Ungewöhnlicher Prozess in Innsbruck: Nach dem Abriss eines denkmalgeschützten Widums musste der gesamte Gemeinderat auf der Anklagebank Platz nehmen.

Von Thomas Hörmann

Innsbruck – „Nicht schuldig!“ Zumindest in diesem Punkt waren sich am Montag die elf Gemeinderäte und der Bürgermeister von Weer einig. Der Gemeindechef bestritt, einen Amtsmissbrauch begangen zu haben. Und die Gemeinderäte wollten ihn nicht zum Amtsmissbrauch angestiftet haben.

Der eigentliche Anlass für den Prozess am Innsbrucker Landesgericht liegt bereits fast neun Monate zurück: Am 15. Dezember 2012 machte ein Bagger das Widum von Weer dem Erdboden gleich. Das Problem: Das Gebäude stand unter Denkmalschutz.

Der Abriss des Gemäuers, das einem Kindergarten weichen musste, war keinesfalls ein Alleingang des Bürgermeisters. Ganz im Gegenteil – „wir waren alle dafür“, gaben die Gemeinderäte unumwunden zu.

Was allerdings am Abend des 14. Dezember – wenige Stunden bevor der Bagger die Schaufel hob – geschah, schilderten der Bürgermeister und die Gemeinderäte unterschiedlich.

„Ich ließ die Gemeinderäte abstimmen. Alle waren für den Abbruch. Wäre die Mehrheit dagegen gewesen, hätte ich das Widum nicht abreißen lassen“, so der Dorfchef im Zeugenstand.

Die Gemeinderäte widersprachen dem Dorfchef: „Der Bürgermeister teilte uns mit, dass er das Widum am nächsten Tag abreißen lasse“, schilderte ein Angeklagter.

Auch der Modus der Abstimmung war alles andere als üblich: Die Gemeinderäte signalisierten ihre Zustimmung nicht wie sonst durch ein Handzeichen, sondern sie segneten den Beschluss mit ihrer Unterschrift ab. Und zwar auf Wunsch des Bürgermeisters, „er ließ das Papier nach der Gemeinderatssitzung die Runde gehen“, so die Angeklagten im Gleichklang.

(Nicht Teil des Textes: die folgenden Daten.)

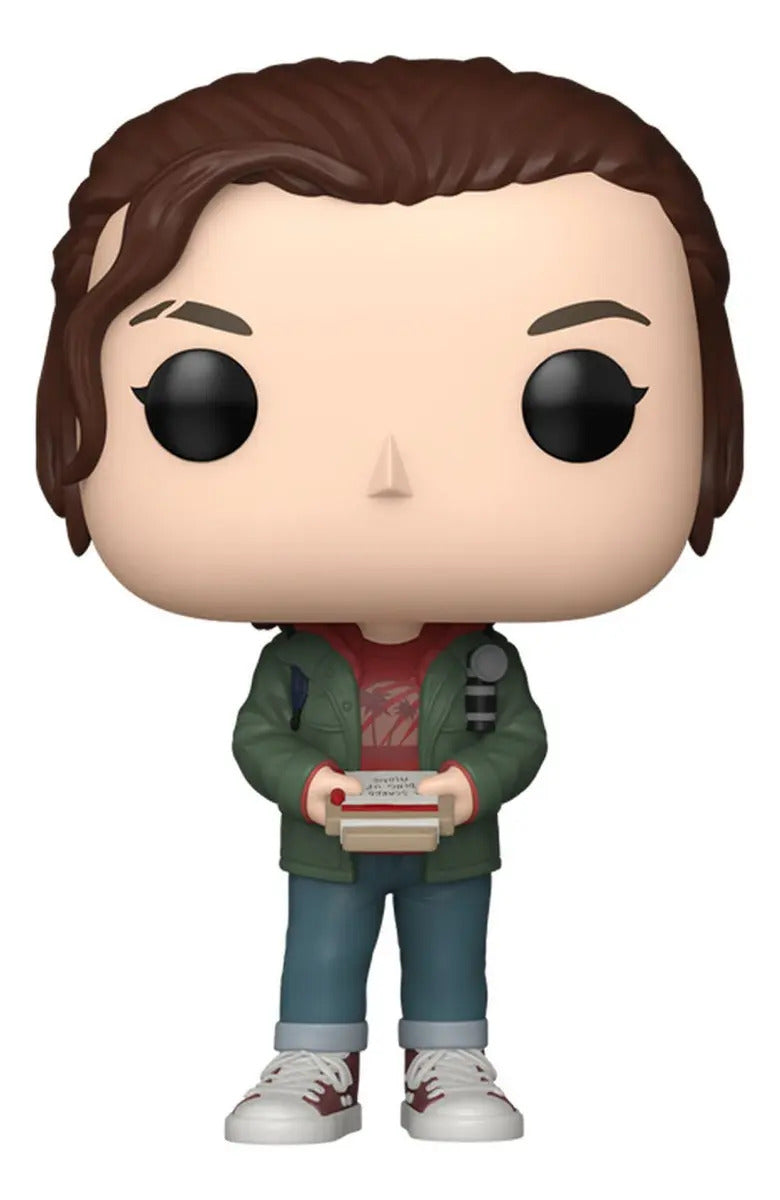 Funko Pop! Television: The Last of Us - Ellie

Dass es sich beim „Papier“ um einen Beschluss des Gemeinderates handelte, bestritten die Mandatare aus Weer entschieden. „Wir glaubten, dass der Bürgermeister die Unterschriften nur will, um politisch abgesichert zu sein. Damit im Nachhinein keiner sagen kann, er sei gegen den Abriss gewesen. Außerdem war die Gemeinderatssitzung bereits beendet, ein richtiger Beschluss kann nur während der Sitzung gefasst werden“, fühlten sich die Gemeinderäte vom Dorfchef hintergangen: „Er sagte, das Papier sei nicht für die Öffentlichkeit, er würde es in einer Schublade ablegen.“

„Ja, aber auf dem Schriftstück stand doch ,Beschluss des Gemeinderates‘. Haben Sie das nicht gelesen?“, wollte Richter Andreas Fleckl von den Angeklagten wissen.

Eine Frage, die so manchen Gemeindepolitiker ins Stottern brachte. Er habe das Papier nur ein bisserl überflogen, aber eigentlich nicht wirklich gelesen, meinte etwa der Vizebürgermeister.

Sowohl der Bürgermeister als auch die Gemeinderäte waren sich durchaus bewusst, dass der Abriss eines denkmalgeschützten Gebäudes zu Konsequenzen führen wird. Allerdings rechneten die Mandatare von Weer offenbar nicht unbedingt mit einer Anklage der Staatsanwaltschaft. „Wir wussten, dass wir mit einer Strafe zu rechnen haben. Wir dachten jedoch, dass es bei einer Verwaltungsstrafe für die Gemeinde bleiben würde“, erklärte der Gemeindechef.

Eine Gemeinderätin erkundigte sich sogar am Abend des 14. Dezember, ob die vom Bürgermeister eingeforderten Unterschriften Konsequenzen haben könnten. „Wenn jemandem etwas passiert, dann nur mir“, soll das Dorf­oberhaupt geantwortet haben. Ein Irrtum.

18 Monate versuchte der Bürgermeister, den Denkmalschutz aufheben zu lassen. Ohne Erfolg. Eine Integration des Widums in das Kindergartenprojekt hätte Mehrkosten von etwa 300.000 Euro verursacht.

Nicht einmal der Pfarrer soll gegen den Abriss des Gebäudes gewesen sein. „Wir haben ihn aber bewusst nicht informiert, um ihn nicht in die Sache mithineinzuziehen“, so der Bürgermeister am Landesgericht. Erst als der Bagger sein Werk bereits begonnen hatte, „habe ich dem Pfarrer kurz eine SMS geschrieben“.

Der Prozess wurde am Mittwochnachmittag vertagt. Richter Fleckl will ein Gutachten einholen, aus dem die Kosten für einen hypothetischen Wiederaufbau des Widums hervorgehen.

Nach der Höhe der Kosten wird sich im Falle einer Verurteilung auch die Wertersatzstrafe richten.